Figure 7. Maf1-deficient yeast strain accumulates glycogen (A) and trehalose (B) during the exponential phase.

Yeasts were cultivated in rich medium supplemented with 2% glucose and harvested by centrifugation at D₆₀₀ ≈ 1.0. Glucose concentration from enzymatic breakdown of glycogen (A) by amyloglucosidase from A. niger, was determined by the Glucose (HK) Assay Kit (GAHK-20, Sigma). Trehalose (B) content determination assay was performed using Trehalose Assay Kit (Megazyme International Ireland, Wicklow, Ireland) according to the manufacturer's protocol. Trehalose and glycogen content is presented as a mean value of at least three independent biological replicates with standard deviations.
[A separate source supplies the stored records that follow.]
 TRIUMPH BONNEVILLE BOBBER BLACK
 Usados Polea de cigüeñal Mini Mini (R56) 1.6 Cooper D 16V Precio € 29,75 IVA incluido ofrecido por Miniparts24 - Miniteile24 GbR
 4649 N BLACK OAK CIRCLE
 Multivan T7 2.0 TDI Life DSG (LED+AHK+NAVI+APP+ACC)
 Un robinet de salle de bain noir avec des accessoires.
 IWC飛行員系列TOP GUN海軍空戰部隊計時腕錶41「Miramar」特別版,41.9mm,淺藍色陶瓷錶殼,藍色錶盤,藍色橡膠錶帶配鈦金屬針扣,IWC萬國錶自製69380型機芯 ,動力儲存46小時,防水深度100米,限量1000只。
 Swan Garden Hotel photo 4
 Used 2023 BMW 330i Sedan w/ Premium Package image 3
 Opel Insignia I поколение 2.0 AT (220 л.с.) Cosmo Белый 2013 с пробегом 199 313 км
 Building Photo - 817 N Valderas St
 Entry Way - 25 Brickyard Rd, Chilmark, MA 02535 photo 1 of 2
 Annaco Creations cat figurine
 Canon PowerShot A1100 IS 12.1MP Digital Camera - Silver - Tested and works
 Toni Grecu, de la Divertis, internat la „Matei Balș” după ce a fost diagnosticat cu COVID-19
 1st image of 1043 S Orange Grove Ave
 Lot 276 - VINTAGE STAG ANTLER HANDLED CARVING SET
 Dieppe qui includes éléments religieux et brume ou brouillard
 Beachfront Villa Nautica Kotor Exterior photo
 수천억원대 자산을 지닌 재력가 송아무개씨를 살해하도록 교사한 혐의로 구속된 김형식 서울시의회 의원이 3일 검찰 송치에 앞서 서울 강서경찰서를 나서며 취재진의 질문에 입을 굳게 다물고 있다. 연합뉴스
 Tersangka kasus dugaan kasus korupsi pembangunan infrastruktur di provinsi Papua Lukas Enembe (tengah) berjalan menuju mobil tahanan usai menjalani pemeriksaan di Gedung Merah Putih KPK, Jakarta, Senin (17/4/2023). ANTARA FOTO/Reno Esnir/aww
There were no significant changes in the ethanol production rate between wild-type (MB159-4D) and maf1Δ strain (C). maf1Δ accumulated glycerol (D). Ethanol and glycerol concentration was determined under Fermentative capacity assay (FCA) conditions in maf1Δ strain (C and D). Fermentative capacity assay was performed as described by van Hoek et al. [75] with modifications (for details, see Materials and methods section). All assays were performed in triplicates. Results are shown as mean concentration (g/L) value with the standard deviation in time (min). ‘C-limited’ stands for ‘carbon-limited conditions’. Asterisk (*) indicate P-value <0.05 and double asterisk (**) illustrate P-values <0.1 according to Student's t-test calculated from biological replicates.